I prefer native, because I personally trust my display processing, but that always varies. Id either set it to 1080p, or ALL (what I use).


----------



## Rkkeller (May 13, 2004)

I use all too. The images seems to be a little better than if I select 1080p/1080p 24, but occasionally I will get a few second stutter while my HDTV adjusts.


----------



## HarperVision (May 14, 2007)

A J Ricaud said:


> You may want to try it both ways and see what works best, i.e. let Roamio output 1080i to your TV, then, set the output to 1080p and compare.
> 
> The reason I say this is that most newer TVs do a very good job of upscaling from "i" to "p".


Just to clarify, you are not "scaling" anything here. You are just de-interlacing. They have the EXACT SAME amount of picture info and pixels in both. This is just a frame rate issue whereas 1080i has 60 "fields" per second (30 full frames) and native 1080p has 60 "frames" per second. There is no current broadcast channel that broadcasts 1080p, they are all 1080i or 720p for HD. So it's just a matter of which unit, the TiVo or the display, will have the best De-interlacing algorithm. This used to be a pretty big issue to tackle and caused numerous problems in the image, but alas, no more. It used to cost thousands of $$$ to buy a good "line doubler" ( a misnomer btw) from the likes of Faroudja, Snell & Wilcox, Extron, etc.

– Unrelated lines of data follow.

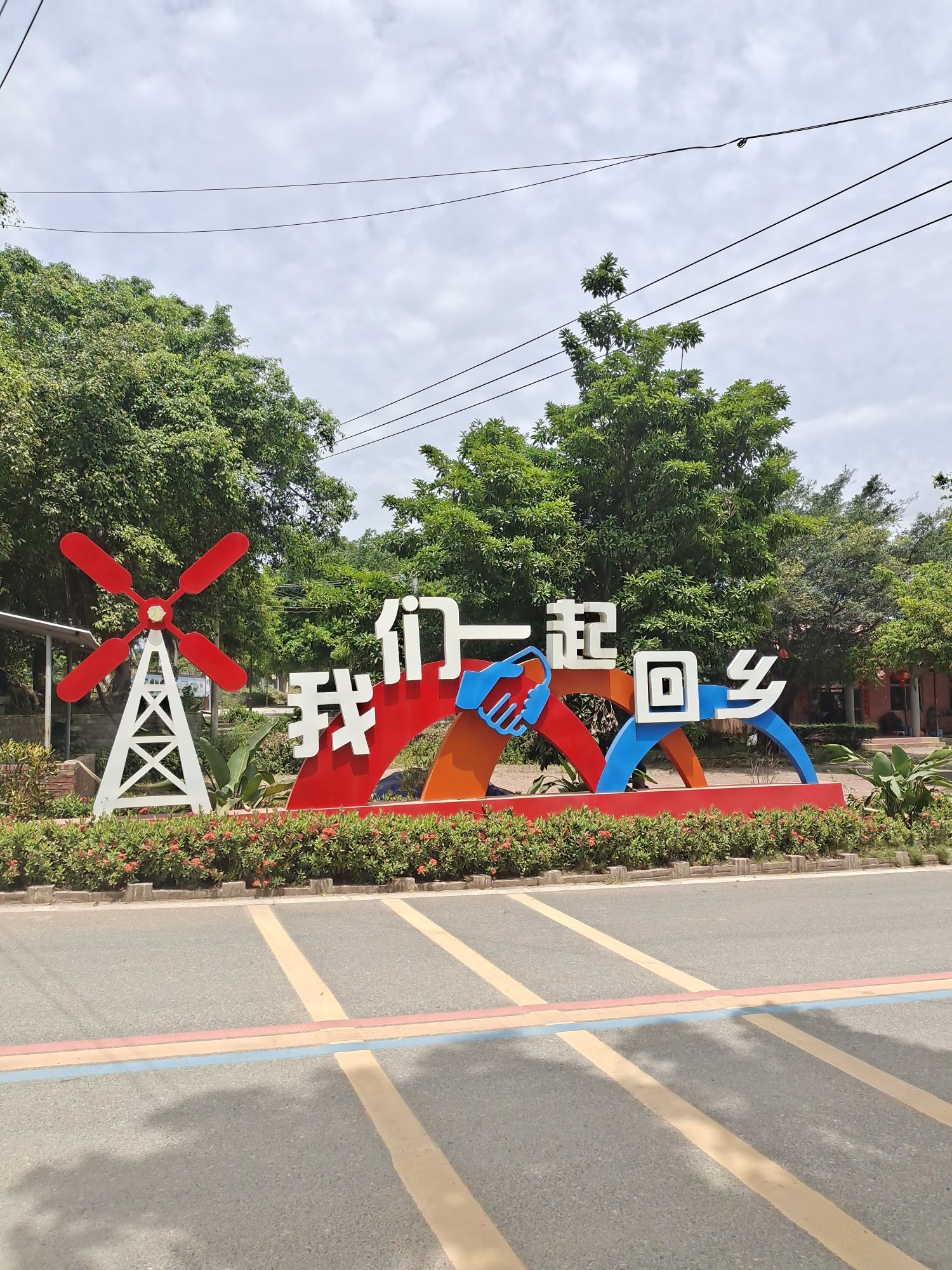 榕园山庄(东纯店)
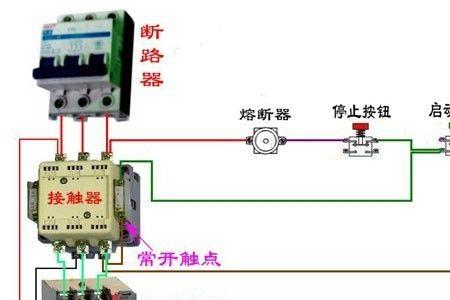 7个触点继电器接线方法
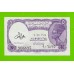 Египет - 5 пиастров - 1971 - Arab Republic of Egypt - подпись: Lotfy - UNC!!!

Also, I don't think the 1080p24 (optimized for 24 frame movies) setting is for anything other than apps like Netflix for displaying movies, not regular tv channel viewing.


----------



## aaronwt (Jan 31, 2002)

Amazon still has 1080p24 downloads. Moast of the Tv show content I watch from Amazon is in 1080P24. But I have been leaving my Roamio set for only 1080P60 output to avoid the 1 to 2 second blanking when changing framerates/resolutions.


----------



## HarperVision (May 14, 2007)

That's only for shows that are sourced in 1080p24, either film or video that simulates the look of film, usually drama type shows like CSI, Hawaii Five-O, etc. Regular 1080i/p type tv shows use 60 fields/frames. They can use inverse telecine to recover the original 24 frames if they're there.


----------



## apw2607 (Nov 17, 2012)

Rkkeller said:


> I use all too. The images seems to be a little better than if I select 1080p/1080p 24, but occasionally I will get a few second stutter while my HDTV adjusts.


With the premier I would agree with you but the Roamio it is much much better. Can no longer see the difference between displays own processing and roamio so now leave it at 1080p/[email protected]


----------



## k2ue (May 9, 2002)

apw2607 said:


> With the premier I would agree with you but the Roamio it is much much better. Can no longer see the difference between displays own processing and roamio so now leave it at 1080p/[email protected]


Yes, 720p channels output at 1080p on the Roamio are much better than on the Premiere output at 1080i. It is so close to what the iScan Duo scaler would do that the extra delay to change output resolutions is just not worth it.


----------